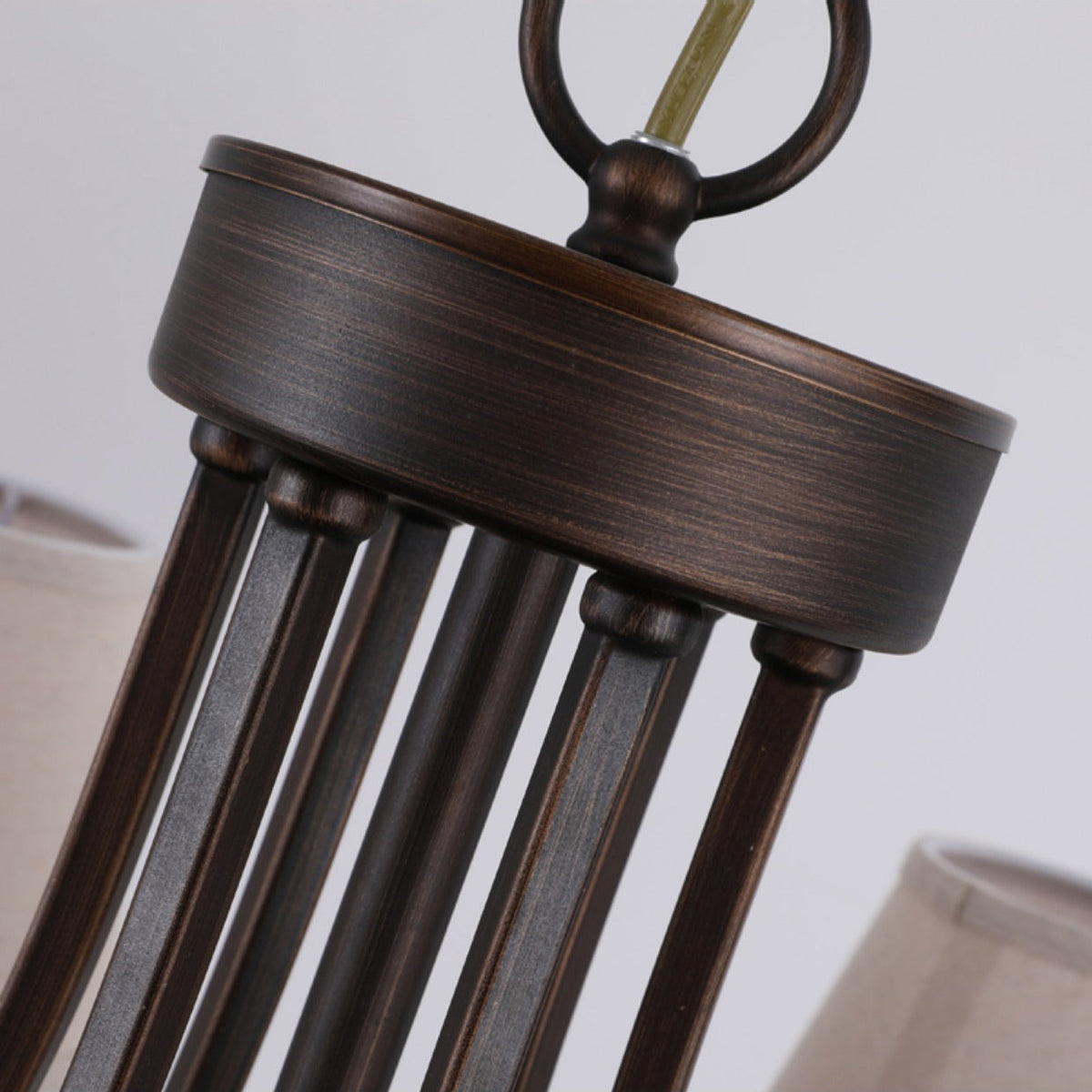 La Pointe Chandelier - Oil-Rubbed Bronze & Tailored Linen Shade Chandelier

◆ ◆ ◆ ◆

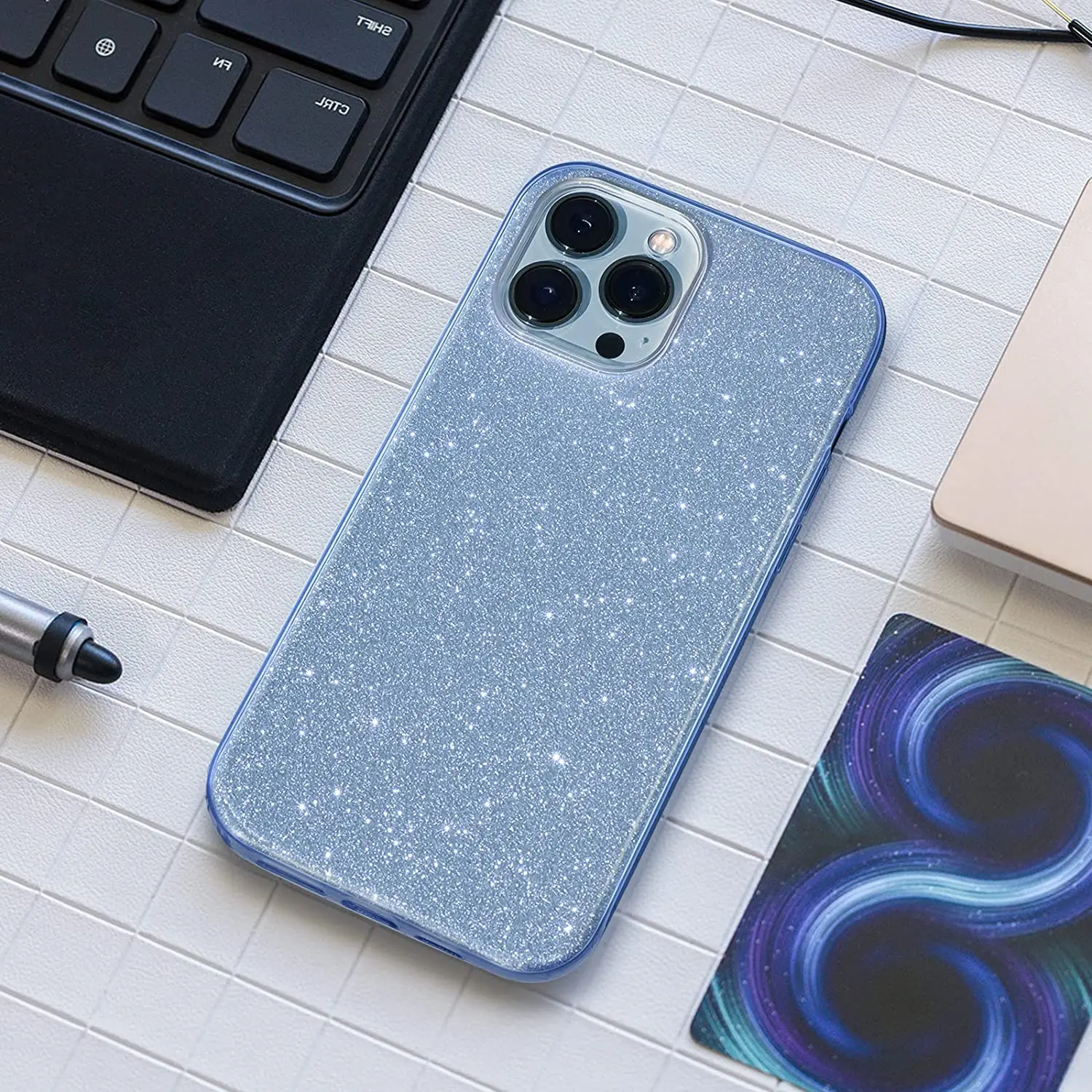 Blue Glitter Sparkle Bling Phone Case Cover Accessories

◆ ◆ ◆ ◆

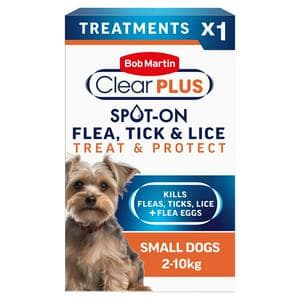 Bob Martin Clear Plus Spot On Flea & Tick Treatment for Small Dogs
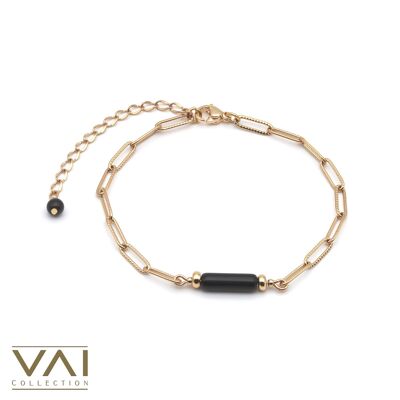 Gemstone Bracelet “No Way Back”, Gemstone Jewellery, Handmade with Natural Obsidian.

◆ ◆ ◆ ◆

WORK ORDER:
Without the pictures, set down the lines above from the line with "Bob Martin Clear" up to and including the line with "with Natural Obsidian." exactly as they stand.

SOLUTION BELOW:
 Bob Martin Clear Plus Spot On Flea & Tick Treatment for Small Dogs
 Gemstone Bracelet “No Way Back”, Gemstone Jewellery, Handmade with Natural Obsidian.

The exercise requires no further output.